• **SUPPLIED MATERIAL**

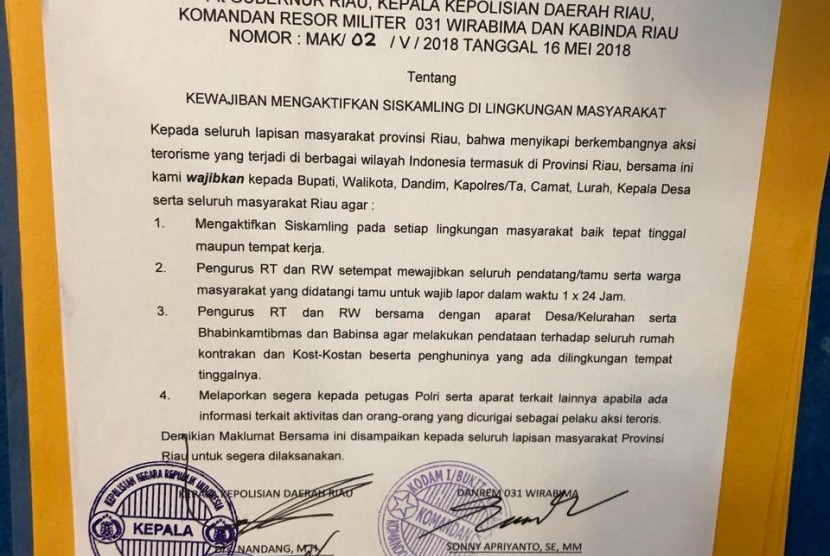 Maklumat bersama Muspida di Riau. 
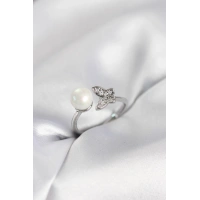 Kelebek İncili Model Gümüş Renk Zirkon Taşlı Kadın Yüzük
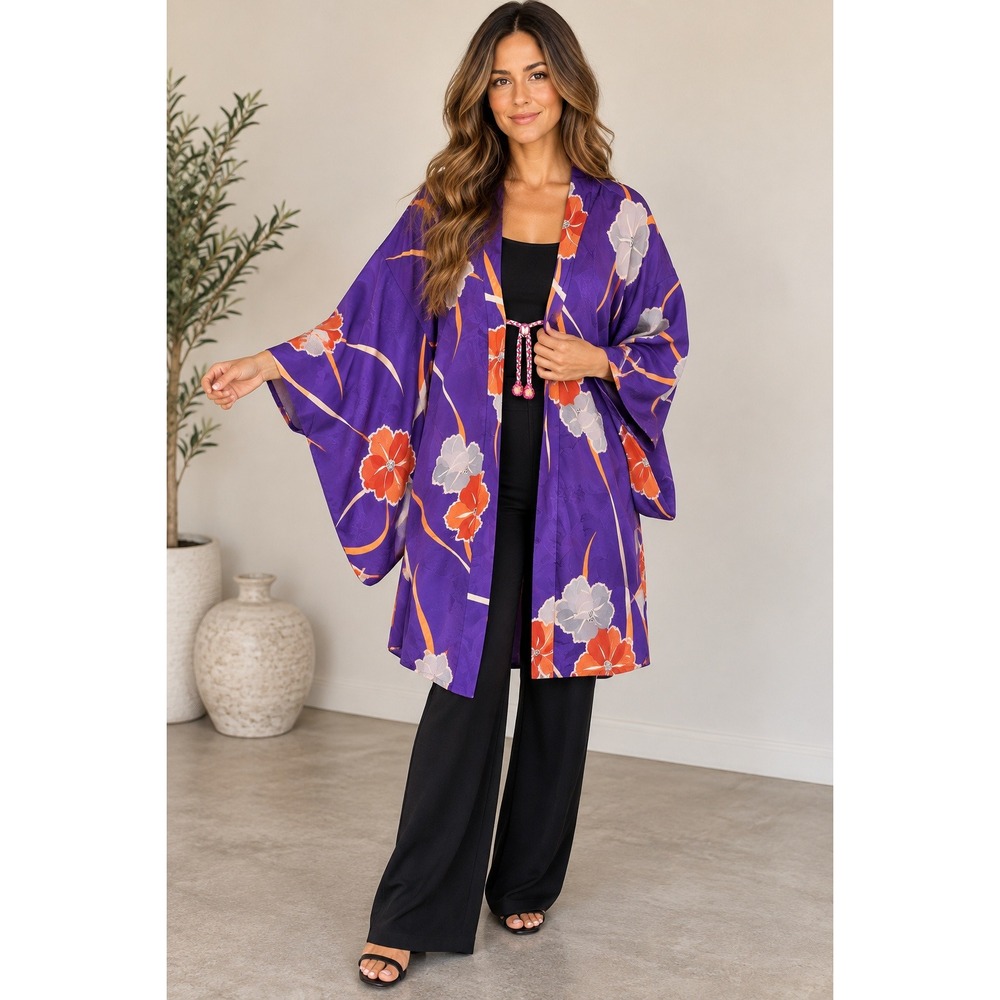 Vintage Japanese Haori Kimono Purple Floral Robe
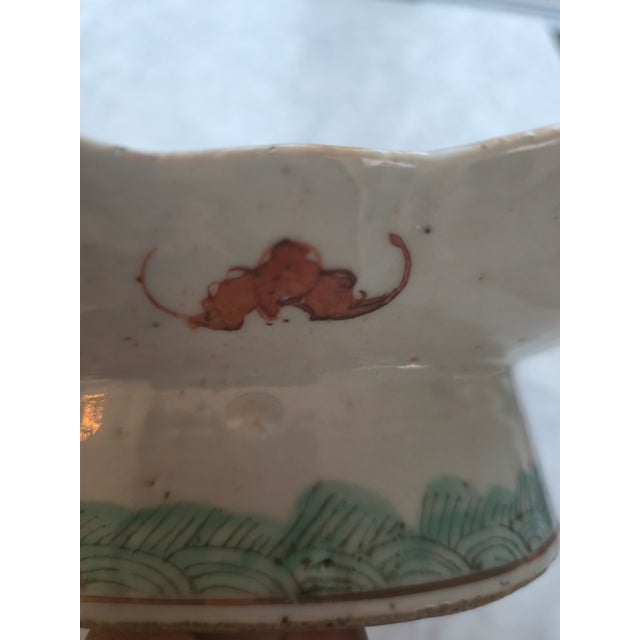 Antique Chinese Famille Rose Porcelain Pedestal Bowl Platter With Scalloped Rim For Sale In Washington DC - Image 6 of 7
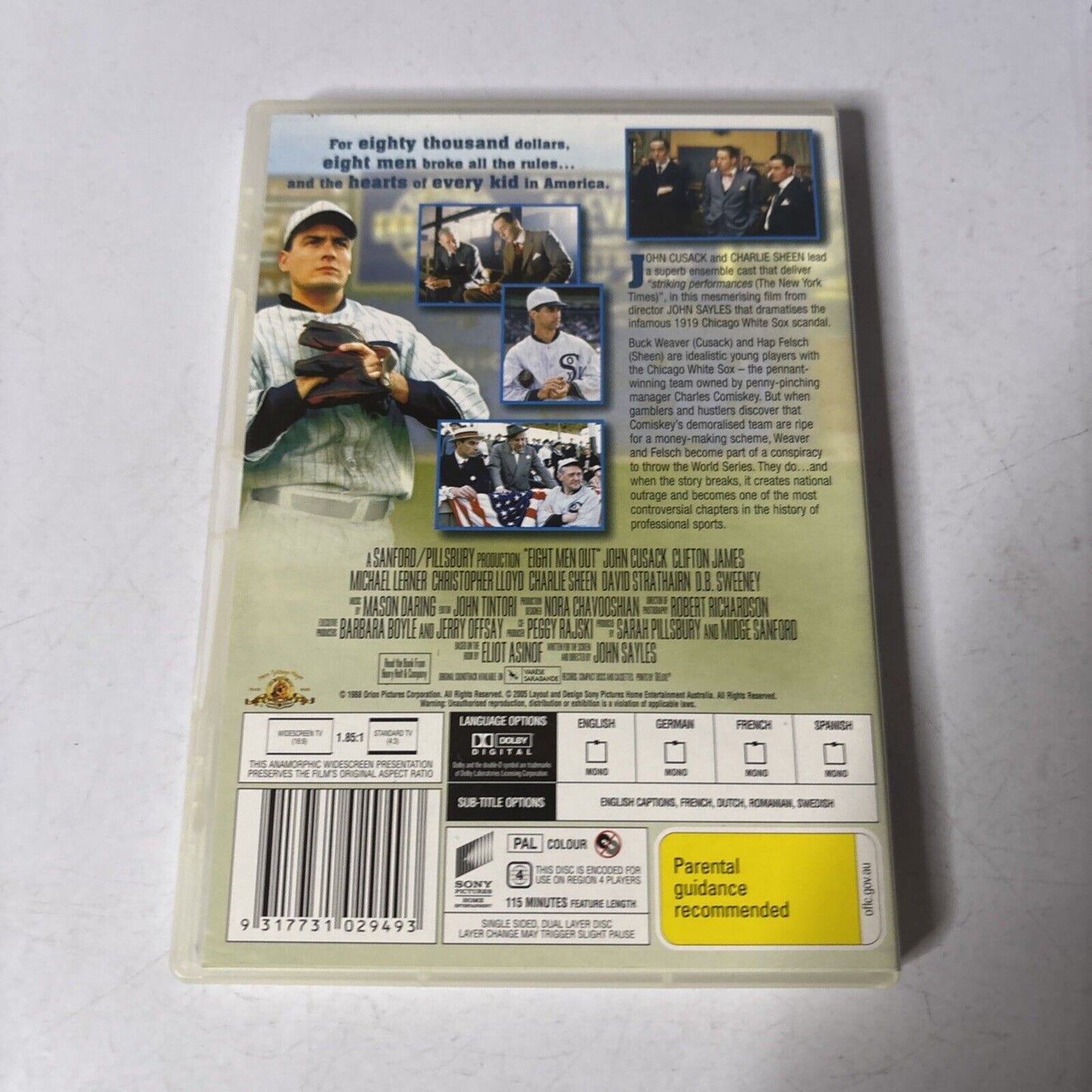 Eight Men Out (DVD, 1989) John Cusack, Charlie Sheen Region 4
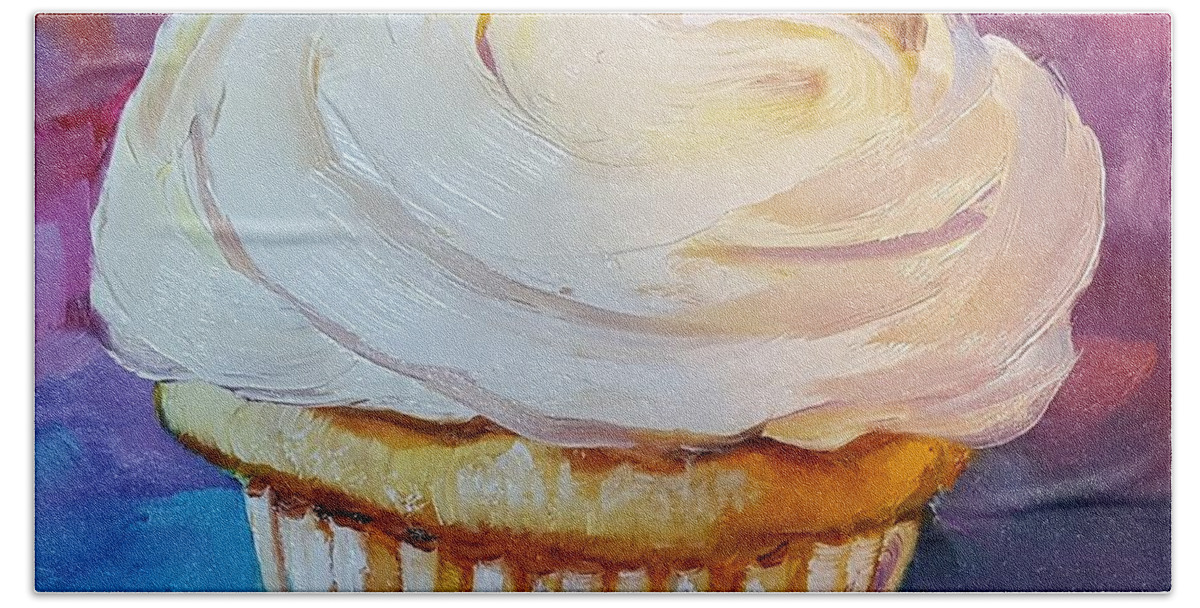 Lemon Cupcake Beach Sheet featuring the painting Lemon cupcake by Judy Fischer Walton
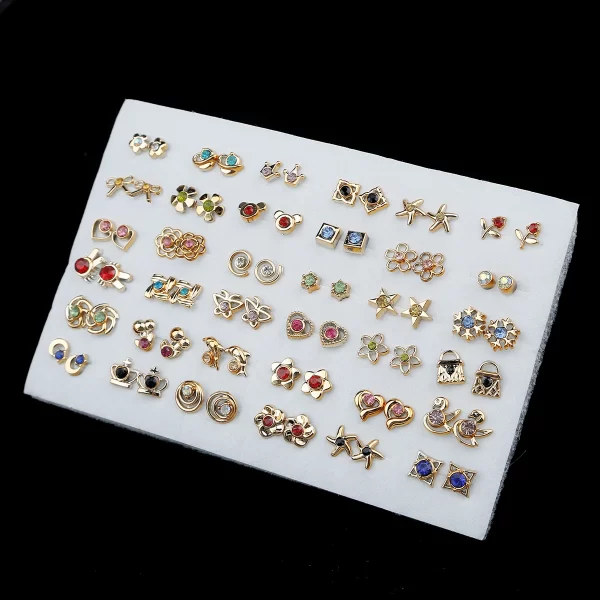 18/36Pairs Colorful Rhinestone Hollow Heart Star Flower Animal Mix Style Moon Crown Small Plastic Stud Earrings Set For Women - Image 17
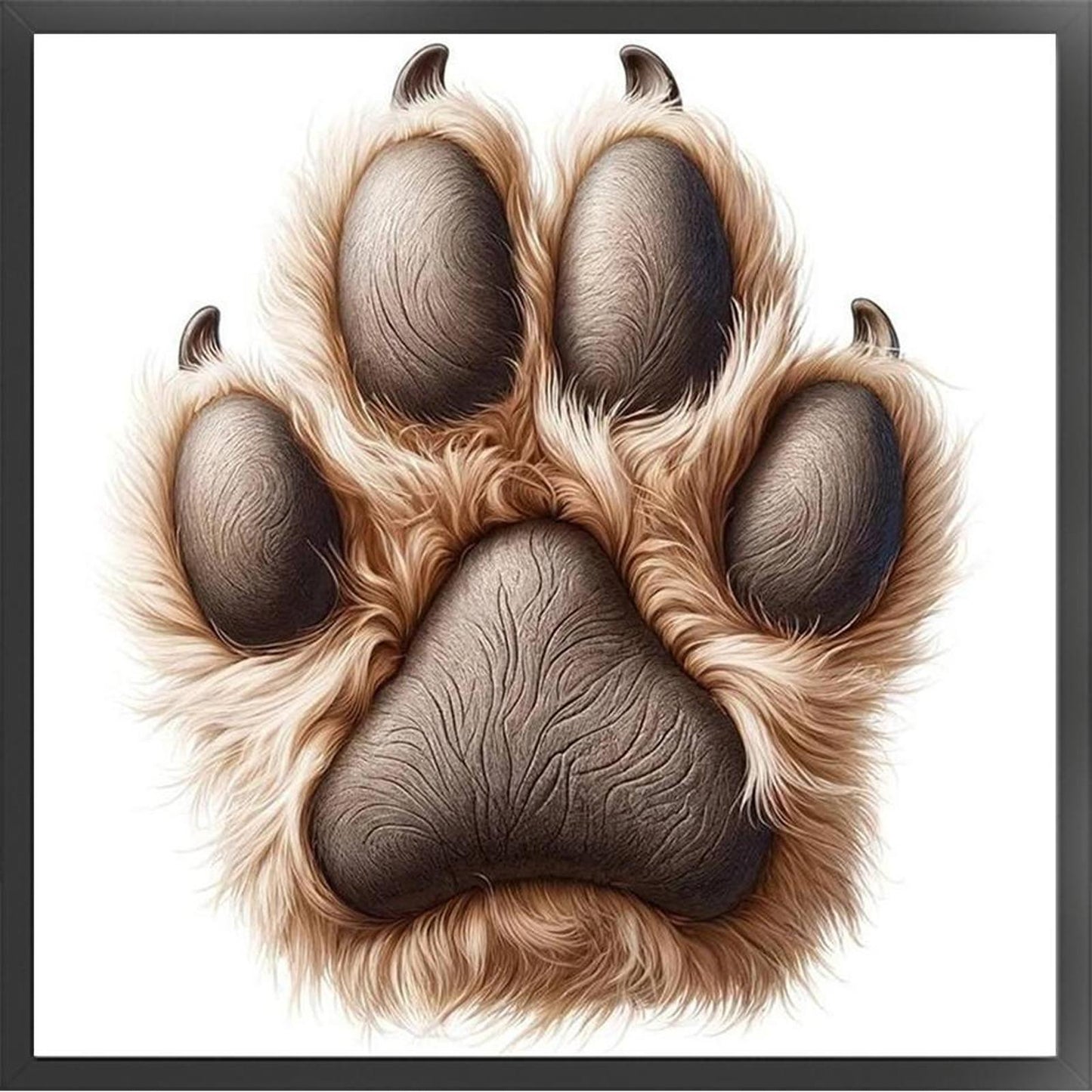 Brown Paw - Full 18CT Stamped Cross Stitch 20x20CM - Huacan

• **PROBLEM DESCRIPTION**
The records above are to be repeated exactly, apart from their pictures.

• **RESPONSE TO THIS TASK**
 Maklumat bersama Muspida di Riau. 
 Kelebek İncili Model Gümüş Renk Zirkon Taşlı Kadın Yüzük
 Vintage Japanese Haori Kimono Purple Floral Robe
 Antique Chinese Famille Rose Porcelain Pedestal Bowl Platter With Scalloped Rim For Sale In Washington DC - Image 6 of 7
 Eight Men Out (DVD, 1989) John Cusack, Charlie Sheen Region 4
 Lemon Cupcake Beach Sheet featuring the painting Lemon cupcake by Judy Fischer Walton
 18/36Pairs Colorful Rhinestone Hollow Heart Star Flower Animal Mix Style Moon Crown Small Plastic Stud Earrings Set For Women - Image 17
 Brown Paw - Full 18CT Stamped Cross Stitch 20x20CM - Huacan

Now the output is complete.